Scholars of the early republic have tended to overlook the extent to which elite U.S. officials feared that enslaved and free people of color might collude with local Spanish officials in the Louisiana borderlands, and in so doing threaten plans for westward expansion. By exposing these fears and explaining the reasons for them, this article attempts to show how enslaved and free people of color, combined with local Spanish officials, posed a serious challenge to the United States’ attempt to gain control over the trans-Appalachian west. Several factors explain why U.S. officials feared Spanish and black collusion: First, U.S. officials worried that Louisiana’s black population might rebel at the loss of the rights granted to them during period of Spanish colonial rule.
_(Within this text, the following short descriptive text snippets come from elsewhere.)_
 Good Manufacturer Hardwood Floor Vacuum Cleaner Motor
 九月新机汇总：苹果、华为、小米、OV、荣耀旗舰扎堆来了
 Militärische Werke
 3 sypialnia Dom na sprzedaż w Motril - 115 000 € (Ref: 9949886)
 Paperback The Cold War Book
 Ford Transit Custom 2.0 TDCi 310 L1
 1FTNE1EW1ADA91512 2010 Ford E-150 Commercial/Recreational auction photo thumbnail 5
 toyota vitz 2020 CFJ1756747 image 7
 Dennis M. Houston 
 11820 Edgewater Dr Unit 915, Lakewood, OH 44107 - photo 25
Second, after the U.S. took control of Louisiana, slaves continually escaped to Spanish Texas with the explicit encouragement of local Spanish officials, who tried to weaken U.S. authority over Louisiana. Last, enslaved and free people of color exploited the tumult unleashed by the Spanish Atlantic empire’s rapid collapse. By the end of the territorial period, U.S. officials’ fears of a slave revolt, I argue, had less to do with the Haitian Revolution than with the Latin American Wars of Independence, which began in 1810. Ultimately, this paper suggests the need to take seriously the joint role played by local Spanish and black actors in the broader imperial struggle for the trans-Appalachian west.